With an exchange rate of 17 / s ( living in the cell: 3 / s ) and the lossy side reaction of photorespiration the RuBisCO appears paradoxically as one of the worst optimized (or mostly misunderstood ) enzymes. Therefore, it has been no lack of attempts to modify its properties in the way of genetic engineering to achieve theoretical yield increases of up to 100 %.

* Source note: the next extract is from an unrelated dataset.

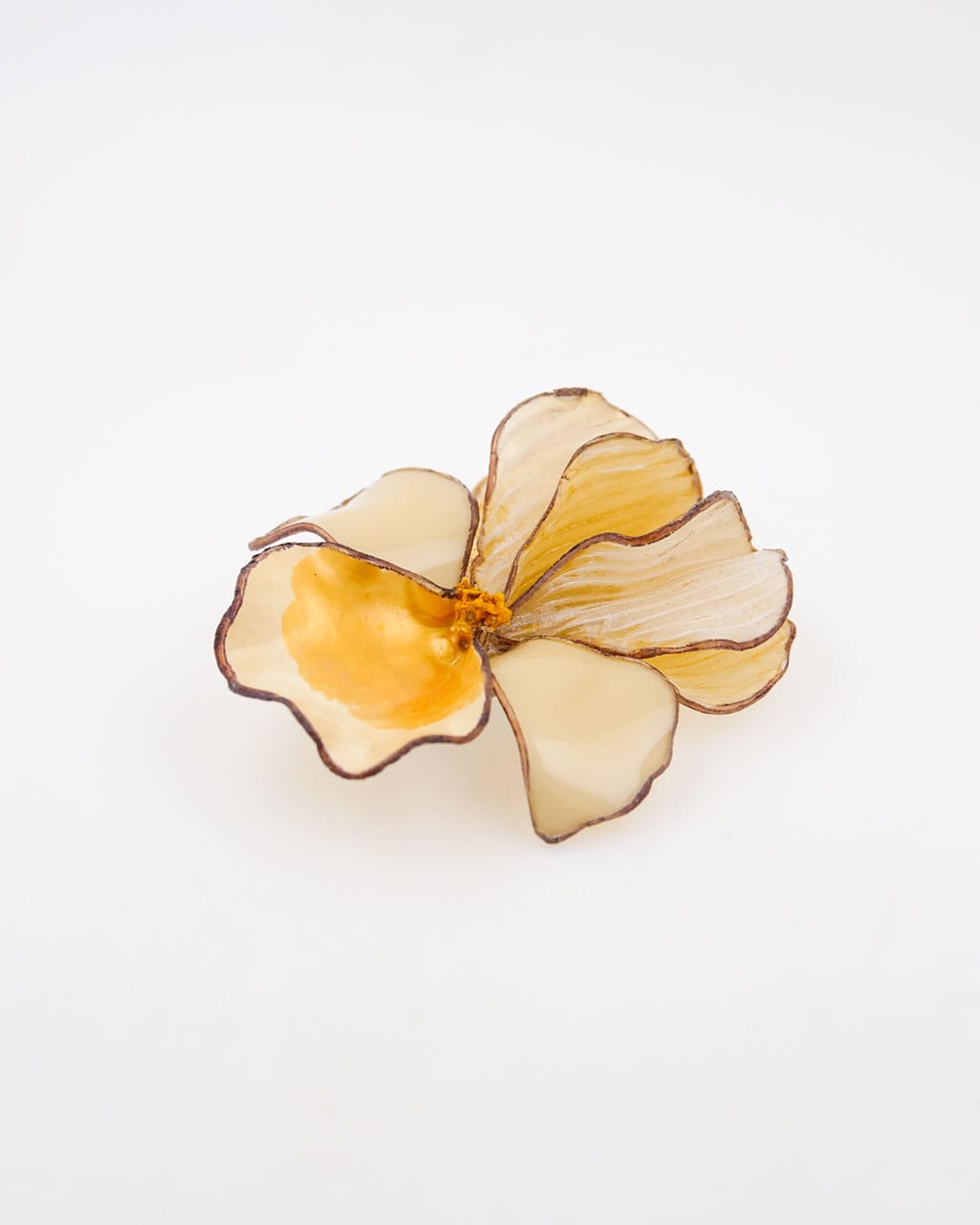 cette broche fleur Yvette est colorée en ivoire, une nuance fabriquée au cœur de notre atelier Ciléa Paris.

However, these experiments soon showed that any increase in the turnover number at the expense of specificity: The enzyme was able to distinguish between poor oxygen and carbon dioxide, which photorespiration favored. Conversely, improved specificity resulted in a lower turnover number, and thus a lower productivity. It appears that Rubisco a particular species is almost completely optimized in spite of its above-mentioned disadvantages of the present environmental conditions ( concentration of O2 and CO2, temperature).

Regulation

RuBisCO is regulated by a Carbamatylierung an L - lysine. This lysine is located at position 201 of the large subunit. A Kohlenstoffdioxidmolekül this reacts with the ε - amino group of lysine to a carbamate (see middle picture ). RuBisCO is but only become active when that lysine is present as carbamate and also a magnesium ion binds to this Carbambat (see image right). This causes a conformational change (which stabilizes magnesium ), in consequence of the large subunit may be enzymatically active.

The Kohlenstoffdioxidmolekül, which reacts with the ε - amino group of lysine to a carbamate, has nothing to do with the CO2 molecule ( see above ) is converted enzymatically into the Carboxylasereaktion.

Orthologs forms

Four different RuBisCO forms have been identified in nature, which have different tertiary structures and kinetic characteristics:

• All green plants, algae and cyanobacteria possess a RuBisCO type I
• In some photosynthetic proteobacteria, chemoautotrophic bacteria and dinoflagellates form a II -type RuBisCO was discovered. Methanococcoides burtonii Also, an archaeon, has a type II RuBisCO. She has no small subunits and forms a dimer. In addition, it has a higher turnover number than type I RuBisCO, but is less specific with respect to the incorporation of oxygen.
• The RuBisCO type III are found in archaea. Your tertiary structure largely corresponds to type I or type II, but it also features were identified. So has the RuBisCO from Thermococcus kodakaraensis a novel, ring-shaped structure consists of five major subunits. Type III enzymes are often adapted to high temperatures and have high turnover numbers up. For a long time it was a mystery why those archaea encode Although a type III RuBisCO enzyme, but no ribulose -5-phosphate kinase. The latter catalyzes the formation of Ru -1 ,5- bP and is therefore a key enzyme of the Calvin cycle. However, it is postulated that other routes may archaea Ru -1 ,5 -BP synthesis, for example 5-phosphoribosyl - 1-pyrophosphate.
• There is a so-called " RuBisCO - like enzyme ", but that does not catalyze the fixation of carbon dioxide and thus represents no bona fide RuBisCO. It is involved in methionine metabolism (methionine salvage pathway). For example, the Archaeoglobus fulgidus hyperthermophilic archaeon a " RuBisCO - like enzyme ".